Minidump Explorer v0.4 released

I’ve released a new version of Minidump Explorer on CodePlex. You can find the download here.

Included in this release:

Posted in Crash Dumps | Tagged | Leave a comment

Minidump Explorer v0.3 released

I’ve released a new version of Minidump Explorer on CodePlex. You can find the download here.

Included in this release:

Write-ups on each stream will follow soon.

Posted in Crash Dumps | Tagged | Leave a comment

Minidump Explorer v0.2: Reading minidump ThreadListStream

Version 0.2 of Minidump Explorer included 4 new data streams: MemoryListStream, Memory64ListStream, HandleDataStream and ThreadListStream. These are all fairly simple streams to read and use but 3 of them are going to be vitally important when we start hooking into CorDebug: MemoryListStream, Memory64ListStream and ThreadListStream. I spoke about the 2 memory list streams last time. This time I’ll talk about the ThreadListStream.

ThreadListStream

First up lets have a look at the structures we’ll be using when reading MemoryListStream:

typedef struct _MINIDUMP_THREAD_LIST {
  ULONG32         NumberOfThreads;
  MINIDUMP_THREAD Threads[];
} MINIDUMP_THREAD_LIST, *PMINIDUMP_THREAD_LIST;

typedef struct _MINIDUMP_THREAD {
  ULONG32                      ThreadId;
  ULONG32                      SuspendCount;
  ULONG32                      PriorityClass;
  ULONG32                      Priority;
  ULONG64                      Teb;
  MINIDUMP_MEMORY_DESCRIPTOR   Stack;
  MINIDUMP_LOCATION_DESCRIPTOR ThreadContext;
} MINIDUMP_THREAD, *PMINIDUMP_THREAD;

There’s no need to discuss MINIDUMP_THREAD_LIST as it’s quite self explanatory and we’ve seen it previously when reading the ModuleListStream and memory streams. Our interest is in the MINIDUMP_THREAD structure.

I haven’t really needed to use most of the fields provided by MINIDUMP_THREAD, so I won’t be going into too much detail about most of them for now. I will provide references to extra information just in case they’re of interest to you.

The first 4 fields provide fairly basic thread info: it’s id, how many times it has been suspended and it’s priority class and priority. The Id is self-explanatory. This one is obviously quite important. I haven’t needed to use the suspend count and priority fields yet. You can find more information about the suspend count by looking at the documentation for SuspendThread and ResumeThread. Simply put: it’s a count of how many times the thread has been suspended. If the count is greater than 0 then the thread has been suspended and will not run. Each call to SuspendThread and ResumeThread increases and decreases the count respectively. Once the count reaches 0 the thread is allowed to run again.
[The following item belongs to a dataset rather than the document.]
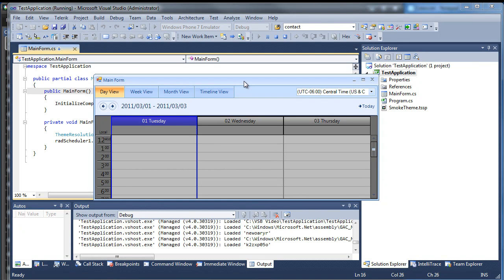In the previous video of this series, I showed you how to create a custom theme for RAD Date Time Picker. We still have one more thing to do before the Edit Appointment dialog is completely themed. In this video, we'll continue the process by creating a theme for RAD Button, RAD Spin Editor, and RAD Separator.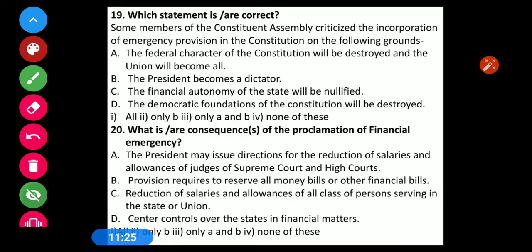Question number 19: Which statements are correct? Some members of the constituent assembly criticized the incorporation of emergency provisions on the following grounds — Statement 1: the federal character of the constitution will be destroyed and the union will become all-powerful; Statement 2: the President becomes a dictator; Statement 3: the financial autonomy of the state will be nullified; Statement 4: the democratic foundation of the constitution will be destroyed. The correct option is Option 1 — All.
There’s a detailed write up on the priority fields here. The documentation is clear enough (mostly), but I looked at a sample crash dump and I couldn’t tie the priorty/priority class I saw back to the documentation.

The last 3 fields are where things start to get interesting.

Teb. This is the “thread environment block”. This contains very low level information about a thread and as you can see from the documentation it can change between different versions of Windows.

Stack. I mentioned in a previous post that the minidump API (or rather the DbgHelp API) only provides methods to read the raw data contained in a minidump. Well here’s a good example of that. The Stack field tells us where the data for the stack of the thread is located, and how big it is, but it doesn’t provide a way to decode the information contained there. If you want to make sense of the data you have to go through the stack frames one by one and piece the information together yourself. That’s quite a daunting task. This where the CorDebug API comes in: it’ll reconstruct the stack for us. It does still leave some work for us to do, but it’s a lot better that piecing it together ourselves. Suffice it to say that I haven’t found a reason to use this field yet.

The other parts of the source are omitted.